As you can see, no MFA device has been assigned yet. Click on the pencil icon next to “Assigned MFA device … No”. A popup window will be shown:

For this tutorial, we’ll assume you’ll be using your smartphone, so select “A virtual MFA device” and click ‘Next Step’. You will now be shown a QR code that you must scan with you authenticator app (like Google Authenticator). After scanning the QR code, you should enter two consecutive authentication codes. Click ‘Authenticate’ and you’re good to go.

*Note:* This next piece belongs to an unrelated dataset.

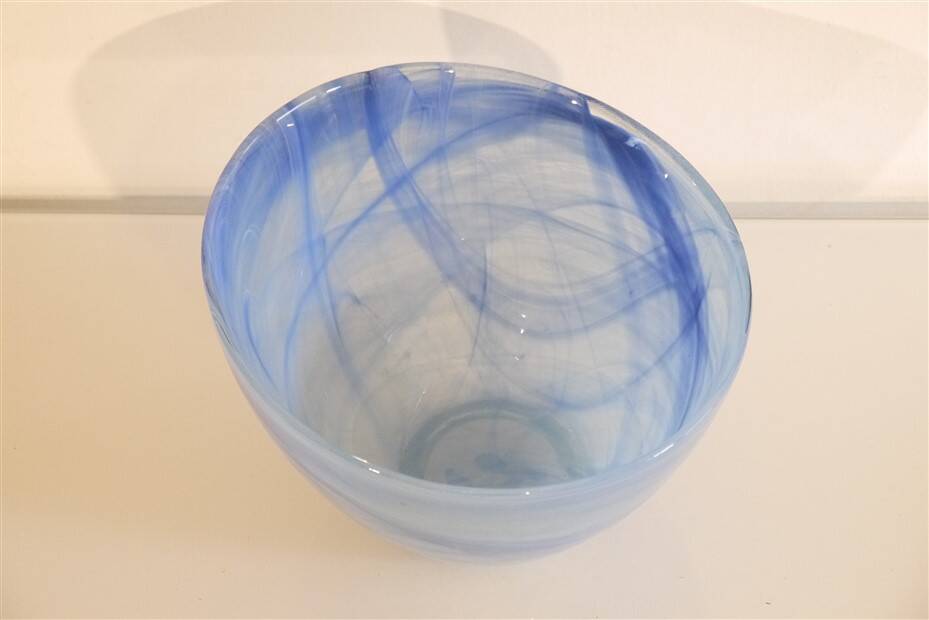 Glass pocket tray by Anna Ehner for Kosta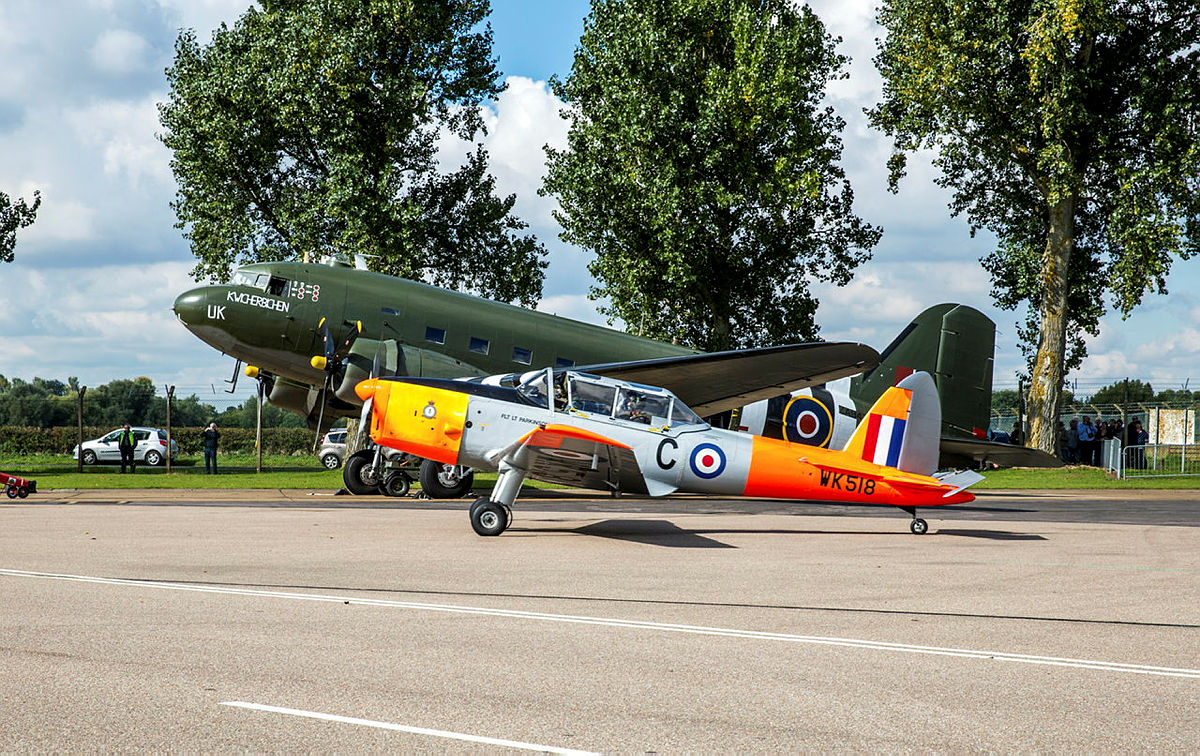 A Dakota (in rear) and a Chipmunk from the Battle of Britain Memorial Flight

As a final step, we need to tell aws-vault that we’ll be using MFA. From the security credentials view, copy the ARN that is now shown next to “Assigned MFA Device”. Using your favourite editor, open the file ~/.aws/config. Enter a new profile, indicating the profile expects MFA for authentication purposes. The name should be same as the profile name you selected earlier:

[profile sls-administrator]
mfa_serial = arn:aws:iam::xxx0417xxx80:mfa/sls-administrator

Don’t forget to save the file. (Sorry, couldn’t help myself.)

Now, if you want to deploy, for instance, a serverless service (I mean the Serverless Framework here), you’ll run this command:

$ aws-vault exec -- sls-administrator sls deploy -v -s prod

This command executes (exec) the command sls deploy -v -s prod using the profile sls-administrator. The flag -v means the deployment will be verbose, and the -s option defines the stage. It will ask you for the vault’s passphrase and, because you’ve set up MFA, for an authentication code. Retrieve this code from your phone and enter it.

And that’s it. You have now successfully set up MFA for your deployment pipeline (or at least for one stage). Simply repeat the above steps for different stage you may have, e.g., development, staging, production.